▶ **Task**
Using the listing below, set down each line from the line containing "Lidl - Tarif" through the line containing "Roughtin Brig, Parish", both ends included, exactly and with nothing added.

**** Material for the task ****

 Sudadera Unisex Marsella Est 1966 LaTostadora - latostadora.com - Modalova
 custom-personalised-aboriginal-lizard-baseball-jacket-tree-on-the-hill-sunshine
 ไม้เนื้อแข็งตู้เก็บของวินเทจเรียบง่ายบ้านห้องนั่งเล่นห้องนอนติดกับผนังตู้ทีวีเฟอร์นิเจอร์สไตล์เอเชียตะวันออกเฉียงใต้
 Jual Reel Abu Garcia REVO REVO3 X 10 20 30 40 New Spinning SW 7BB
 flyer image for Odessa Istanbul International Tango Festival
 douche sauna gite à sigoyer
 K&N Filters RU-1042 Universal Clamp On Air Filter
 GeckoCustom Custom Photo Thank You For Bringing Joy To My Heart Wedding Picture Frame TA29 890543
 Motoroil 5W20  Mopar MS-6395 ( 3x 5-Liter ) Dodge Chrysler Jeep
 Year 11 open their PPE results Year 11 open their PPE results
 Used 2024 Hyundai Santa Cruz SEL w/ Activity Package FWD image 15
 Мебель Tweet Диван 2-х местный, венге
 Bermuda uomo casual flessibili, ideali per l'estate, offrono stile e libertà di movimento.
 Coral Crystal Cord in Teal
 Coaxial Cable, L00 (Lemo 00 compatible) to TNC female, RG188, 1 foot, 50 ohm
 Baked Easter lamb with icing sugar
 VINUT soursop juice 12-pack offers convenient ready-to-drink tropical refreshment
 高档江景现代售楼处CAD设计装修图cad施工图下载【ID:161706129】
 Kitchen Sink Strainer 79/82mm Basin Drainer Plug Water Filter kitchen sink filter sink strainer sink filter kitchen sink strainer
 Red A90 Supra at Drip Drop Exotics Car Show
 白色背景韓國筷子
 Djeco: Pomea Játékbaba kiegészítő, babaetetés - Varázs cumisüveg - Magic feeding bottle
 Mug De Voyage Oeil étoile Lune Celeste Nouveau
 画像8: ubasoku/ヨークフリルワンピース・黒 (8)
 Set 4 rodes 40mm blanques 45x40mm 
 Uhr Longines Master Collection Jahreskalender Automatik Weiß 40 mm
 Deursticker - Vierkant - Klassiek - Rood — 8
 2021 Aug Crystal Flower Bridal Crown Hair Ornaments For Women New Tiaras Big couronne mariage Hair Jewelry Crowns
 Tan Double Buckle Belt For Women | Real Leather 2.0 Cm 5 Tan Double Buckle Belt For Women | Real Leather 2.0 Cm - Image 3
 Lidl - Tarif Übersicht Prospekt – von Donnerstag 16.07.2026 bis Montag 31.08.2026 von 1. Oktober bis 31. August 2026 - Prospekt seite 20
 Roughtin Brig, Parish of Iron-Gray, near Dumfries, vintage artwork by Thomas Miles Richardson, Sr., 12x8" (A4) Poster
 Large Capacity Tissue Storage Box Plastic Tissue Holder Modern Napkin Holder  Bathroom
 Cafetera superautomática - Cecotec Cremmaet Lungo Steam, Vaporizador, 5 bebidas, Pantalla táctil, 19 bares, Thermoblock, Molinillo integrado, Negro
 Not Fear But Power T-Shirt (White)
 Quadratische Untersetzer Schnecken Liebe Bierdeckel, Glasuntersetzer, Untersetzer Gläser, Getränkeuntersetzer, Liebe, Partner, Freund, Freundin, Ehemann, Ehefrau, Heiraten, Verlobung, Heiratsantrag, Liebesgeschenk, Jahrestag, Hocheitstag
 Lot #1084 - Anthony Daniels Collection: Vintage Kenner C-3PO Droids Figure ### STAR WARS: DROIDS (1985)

****

▶ **Solved exercise**
 Lidl - Tarif Übersicht Prospekt – von Donnerstag 16.07.2026 bis Montag 31.08.2026 von 1. Oktober bis 31. August 2026 - Prospekt seite 20
 Roughtin Brig, Parish of Iron-Gray, near Dumfries, vintage artwork by Thomas Miles Richardson, Sr., 12x8" (A4) Poster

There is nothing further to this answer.